Life as we know it has changed since we were children. From the moment we conceived our children, our lives were forever and a day not the same. Even though our future children were not able to be felt, our invisible eye could look deep into our souls and see them.
As kids we played with our dolls babying them with crude caveman tactics. Flinging the dolls around as if they were a sack of potatoes. Children not coordinated with their movements held onto the dolls for safe keeping until they decided that the baby was in need of changing, then sought out any level spot to make their way through the laborious process of imaginary diaper changing.
Tea was set and all our stuffy and furry buddies came to have tea. Sometimes we invited our Dad to come and poor the tea. With the table small and cramped, Dad sat and made small talk with Henry the bear and Mr. Hoppers the bunny. All dressed in our Sunday best at the table, manners were first and foremost the event of the tea party. Tiny cookies on a lace-covered dish and lemonade in her finest china teapot gave the day spent with Dad the right amount of flair.
As time passed, the dolls were put away and the skates and teen magazine were the hottest trends in our teenager years. Dolls and teddy bears made room for makeup and boys. American Bandstand on our long Saturdays in a hot summer gave us hope the new hit on the block saw us and was singing to our hearts. We just knew they were gonna come to see us and ask us to marry them. Eardrums pounding in our heads, we screamed to our hearts’ content wanting and praying they would ask us to come up on stage to sing with them.

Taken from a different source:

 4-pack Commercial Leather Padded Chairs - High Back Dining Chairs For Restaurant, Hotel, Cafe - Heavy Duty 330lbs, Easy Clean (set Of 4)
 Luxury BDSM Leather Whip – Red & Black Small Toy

Now with the invention of cars, we discover that going to town meant finding boys out flexing their muscles and strutting their tail feathers to catch us looking at them. It was popular to have a car with a stereo that played all the hottest songs for that time. Our first kiss seemed to seal our future with no going back to our childhood; we had entered into a whole new life. Our mothers agape and dads looking for the gun, realizing it is too late to worry now—the little girl who just yesterday was having a tea party with Henry the Bear and Mr. Hoppers the bunny has passed through that rite of passage and is growing up.
As you read this article, I hope in some small way you can think back and wonder if Henry the Bear and Mr. Hoppers the bunny are still with that little girl having tea. Are they in their Sunday best and using manners at the table?